■ Exercise: All entries below are to be reproduced precisely as they stand, without the pictures.

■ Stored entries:
[Start of Attachment]

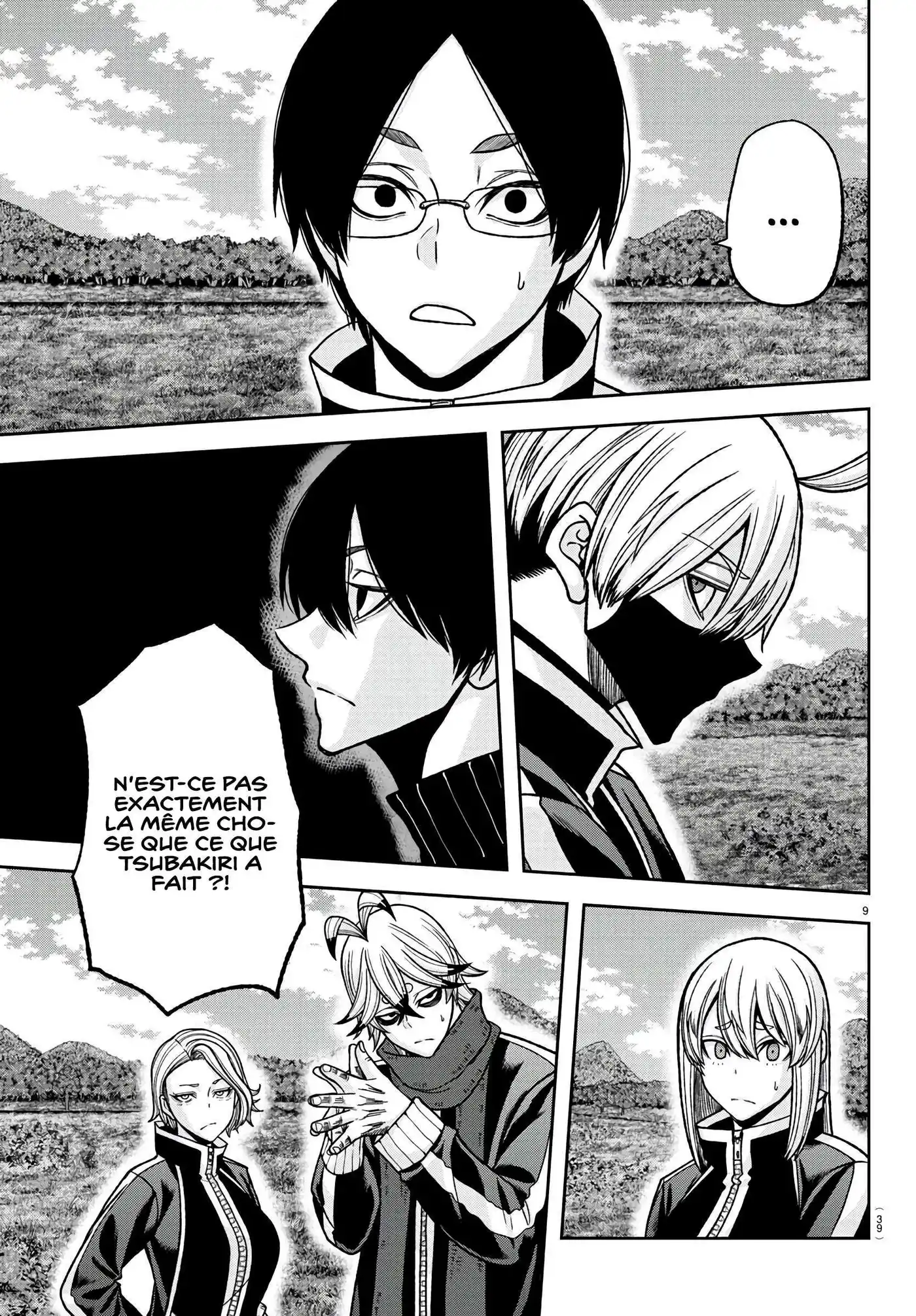 Tougen Anki 92 page 9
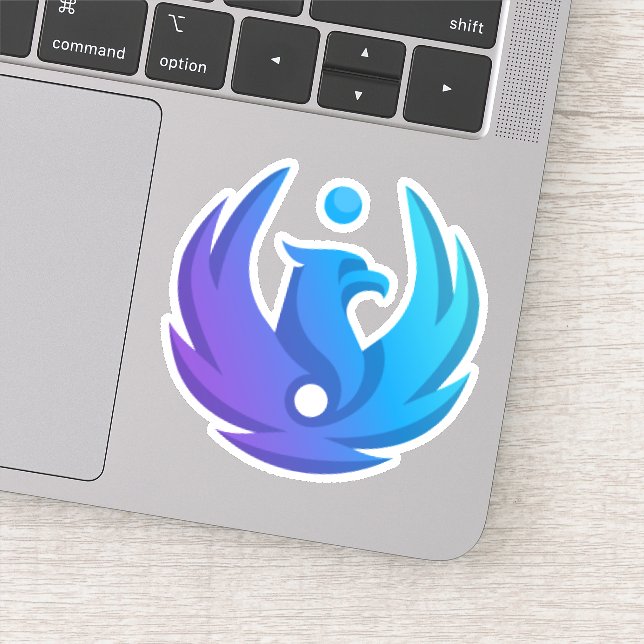 BESPIN autocollant (Détail)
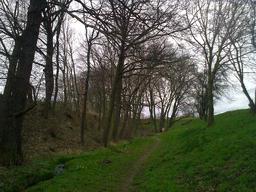 Highlight 1 along the Bikemap route "04.04.10 Weimar Ost auf Feldwegen"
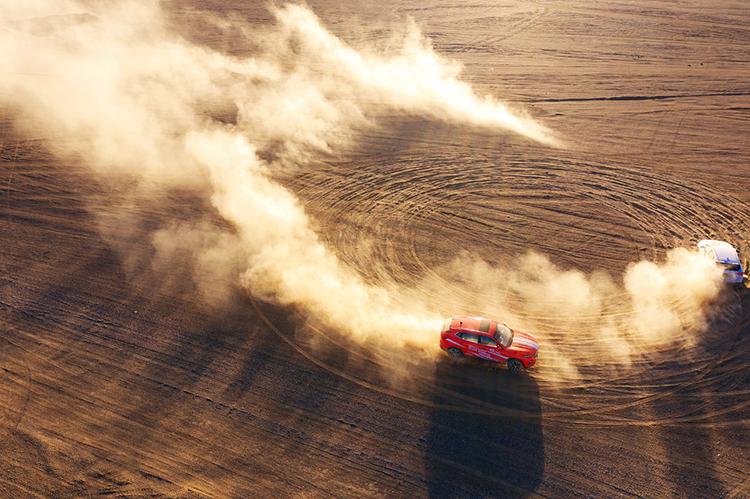 长安欧尚x5过烂路测试,长安欧尚x5爬坡能力有多强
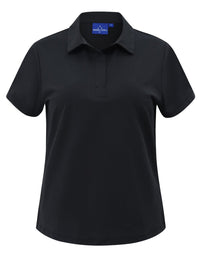 Winning Spirit Women's High Performance Graphene Polo Shirt PS98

[End of Attachment]

■ Response area:
 Tougen Anki 92 page 9
 BESPIN autocollant (Détail)
 Highlight 1 along the Bikemap route "04.04.10 Weimar Ost auf Feldwegen"
 长安欧尚x5过烂路测试,长安欧尚x5爬坡能力有多强
 Winning Spirit Women's High Performance Graphene Polo Shirt PS98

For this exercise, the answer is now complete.